What is the mathematical property that dictates that $f(x+y) = \tan(x+y)$ given that $f(x) = \tan(x)$?

Question

We were asked in our Calculus class to prove that,

$f(x+y) - f(x) = \frac {\sec^2(x) \tan(y)} {1 - \tan(x) \tan(y)}$ given that $f(x) = \tan(x)$

I have gotten so far as:

$$f(x+y) - f(x)$$

$$\tan(x+y) - \tan(x)$$

$$\frac{\tan(x)+\tan(y)}{1-\tan(x)\tan(y)} - \tan(x)$$

$$\frac{\tan(x)+\tan(y)}{1-\tan(x)\tan(y)} + \frac{-\tan(x)+\tan^2(x)\tan(y)}{1-\tan(x)\tan(y)}$$

$$\frac{\tan(y) + \tan^2(x)\tan(y)}{1-\tan(x)\tan(y)}$$

$$\frac{\tan(y) [1+\tan^2(x)]}{1-\tan(x)\tan(y)}$$

Substituting the pythagorean identity, $$1+\tan^2(x) = \sec^2(x)$$

$$\frac{\tan(y) \sec^2(x)}{1-\tan(x)\tan(y)} = \boxed{\frac{\sec^2(x)\tan(y)}{1-\tan(x)\tan(y)}}$$

I don't quite understand how $f(x+y)$ became $\tan(x+y)$. I've had a few search results stating that $f(x+y) = f(x)+f(y)$ but it does not quite fit the bill.

I got the idea for my solution above because of a textbook example I've read, where:

Given $f(x)=x^2-4x+7$, find $\frac {f(x+h)-f(x)}{h}$

$\frac{[(x+h)^2 - 4(x+h) + 7] - (x^2 - 4x + 7)}{h} = \frac{h(2x+h-4)}{h} = 2x+h-4$

...but the book did not describe what property was used in order to 'insert' the value of $f(x)$ into $f(x+h)$, and by extension the $f(x)$ into the $f(x+y)$ of my problem. They feel... similar.

Is there a name for this mathematical property? Thank you very much.

Answer 1

It's simply substitution of the argument to $f$.
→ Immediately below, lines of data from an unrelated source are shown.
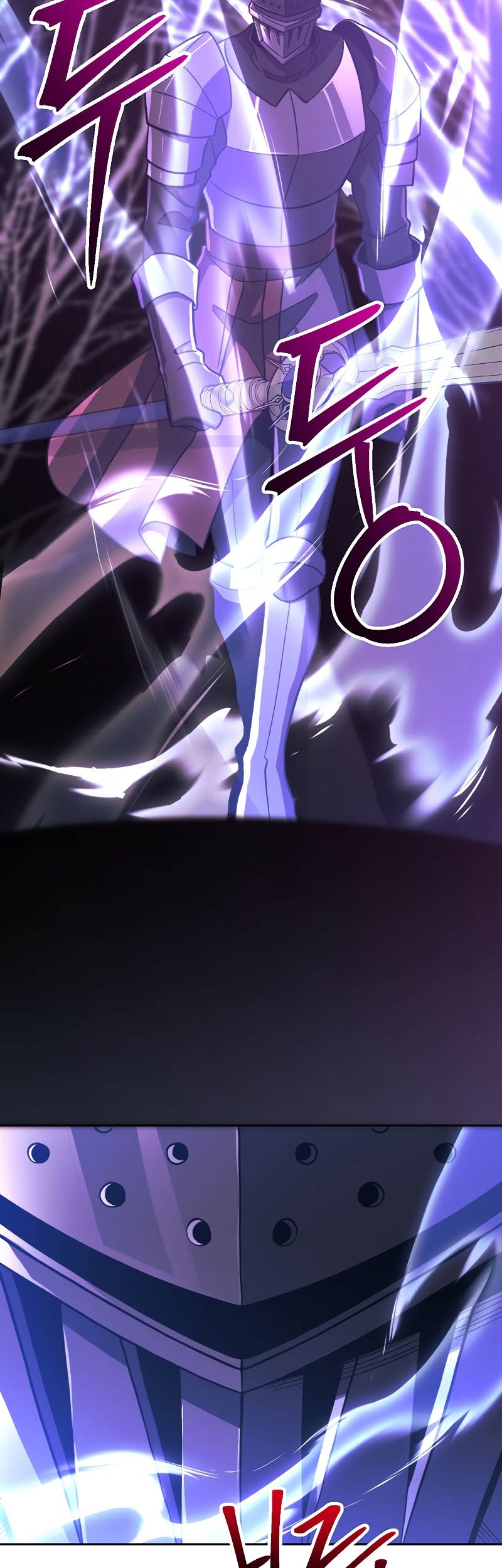 Archmage Transcending Through Regression Chapter 80 - halaman 18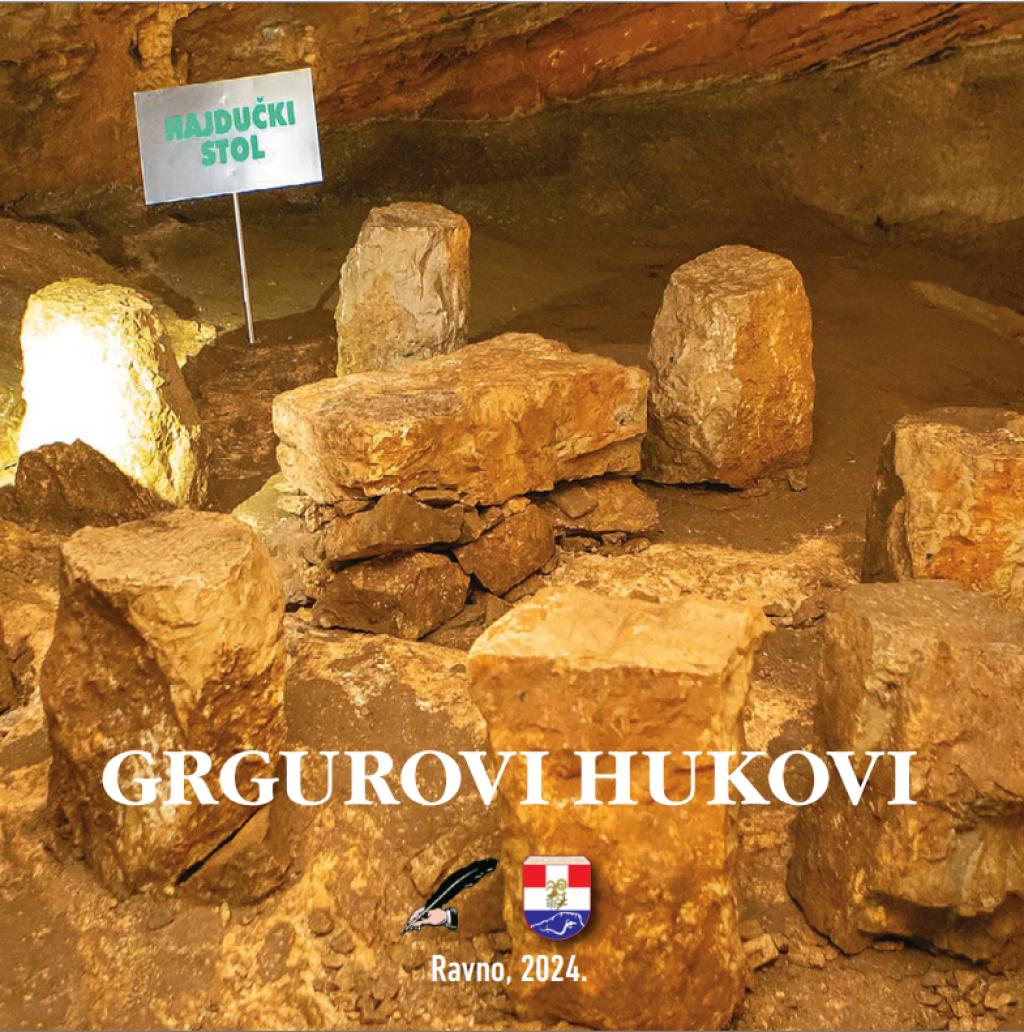 grgurovi hukovi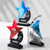 Crystal Trophy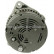 Alternator 12037970 Eurotec, Thumbnail 3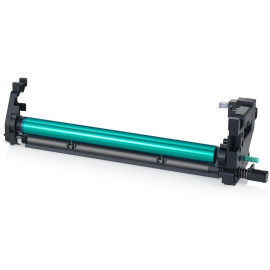 Tambour noir, cyan, magenta, jaune Samsung MLTR709SEE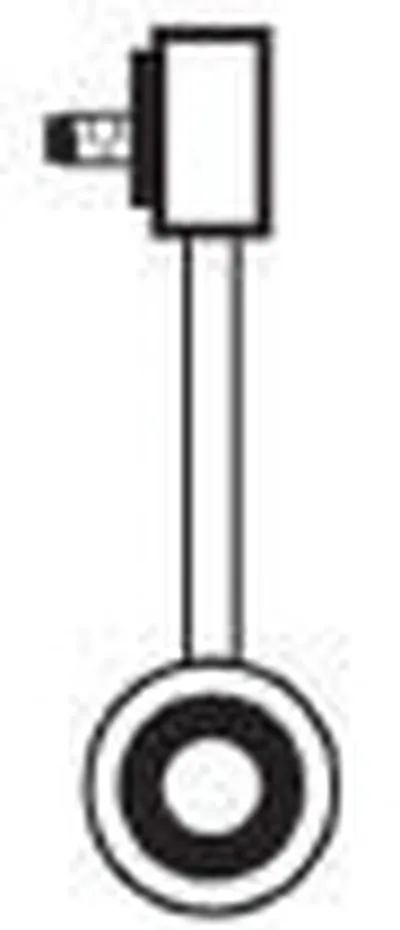 Тяга / стойка, стабилизатор FRAP купить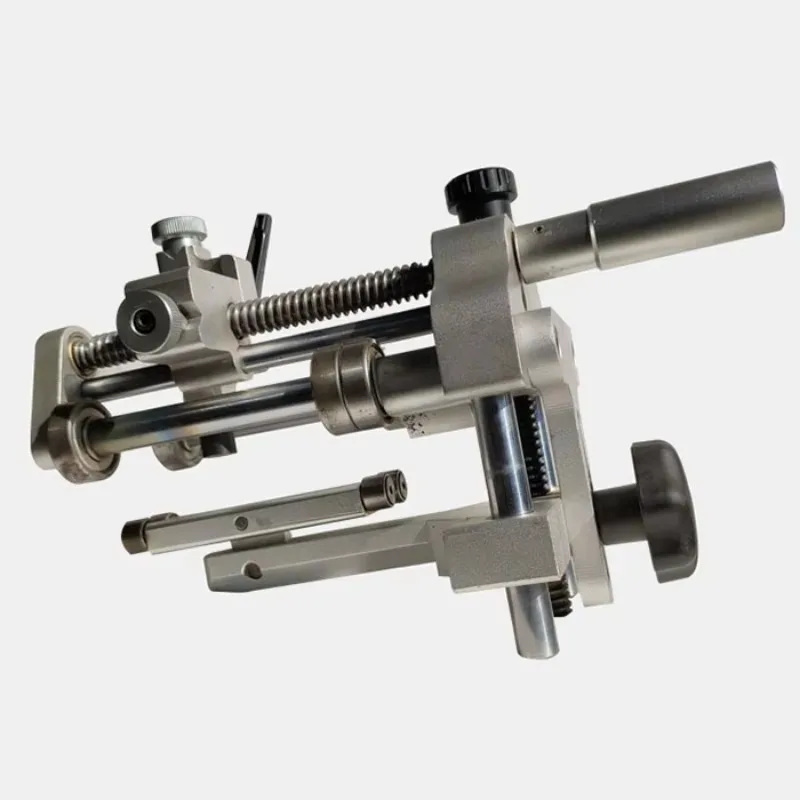 

Ручные инструменты 20-400 мм, скребок для фитингов Hdpe, полиэтиленовый инструмент для пластиковых труб Hdpe, вращающийся скребок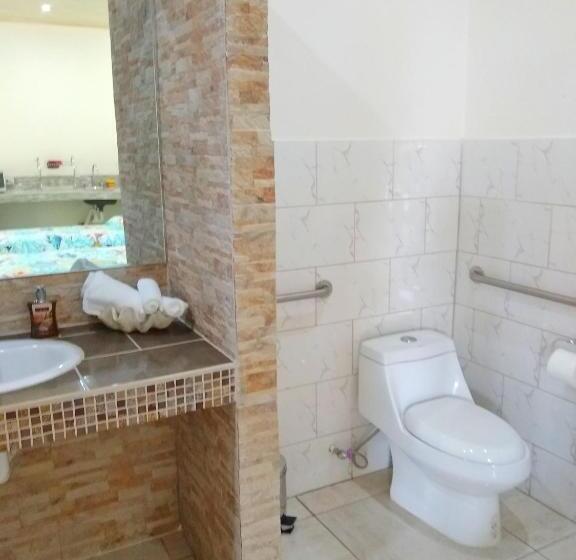 酒店 Coco Beach Village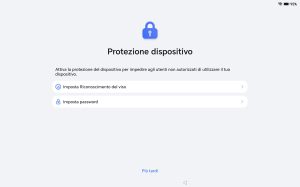 Screenshot 20260729 152702 com hihonor hnstartupguide FingerprintActivity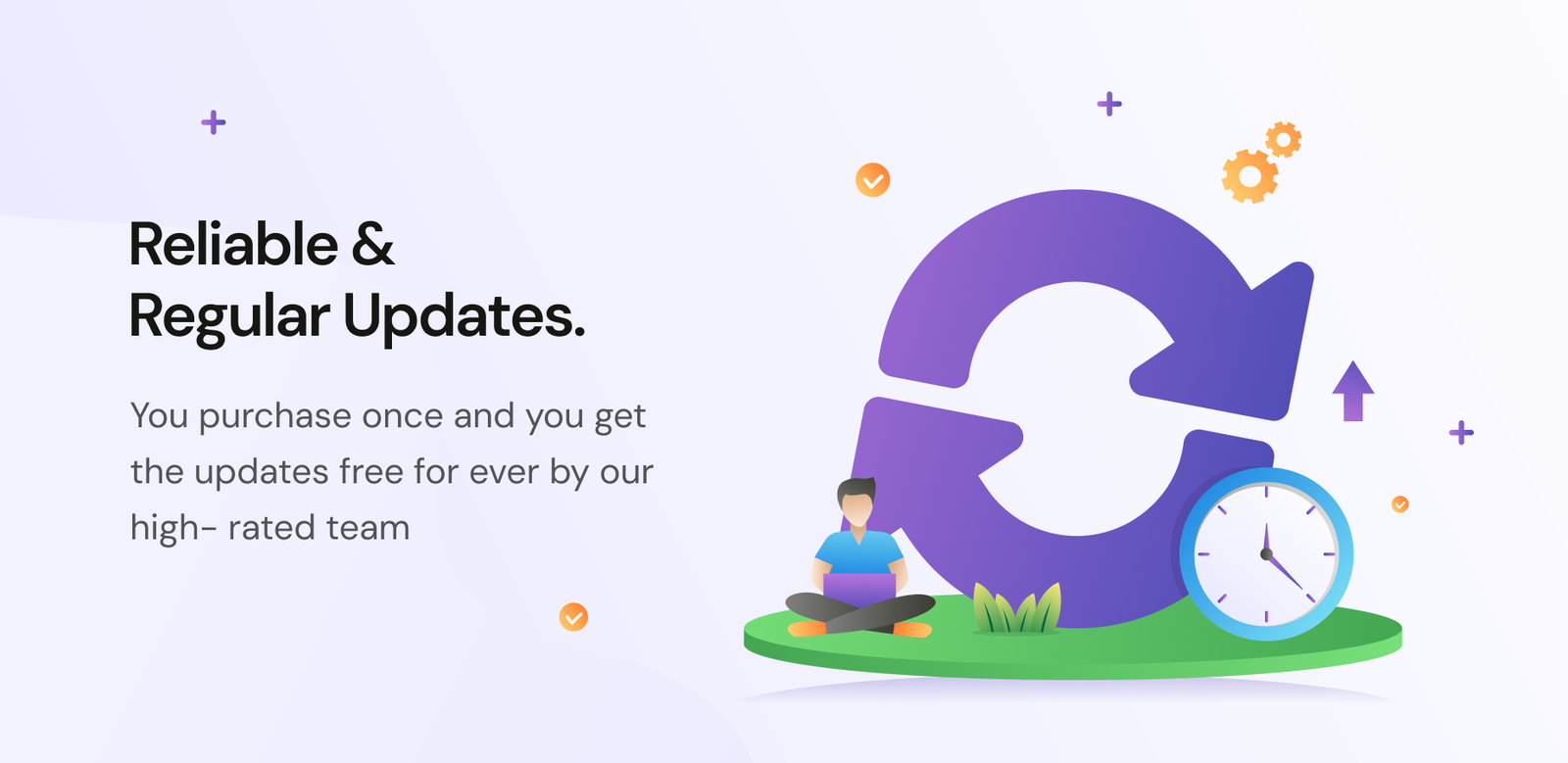 Biddut - Electricity Services WordPress Theme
On the other hand: $f(x+y)=f(x)+f(y)$ that you claim to have found several sources for, is not generally true.

Answer 2

For your first query: "how $f(x+y)$ became $tan(x+y)$?" - Inside the bracket, we write the parameters of a function. As, $f(x)=tan(x)$ for all $ x\in \mathbb{R} $, hence, $f(z)=tan(z)$ also with $z=x+y$, as reals are closed under addition(means for any two real $x$ and $y$ , $x+y$ is also a real number). Writing $x+y$ in $f()$, we mean how the value of $f(z),z=x+y$. As, $x$ and $y$ are the partitions of $z$, using property of the function we are finding $f(z)$ in terms of $x$ and $y$, here, $tan(x+y)=\frac{tan(x)+tan(y)}{1-tan(x)tan(y)}$. There is no name for this property (as far I know).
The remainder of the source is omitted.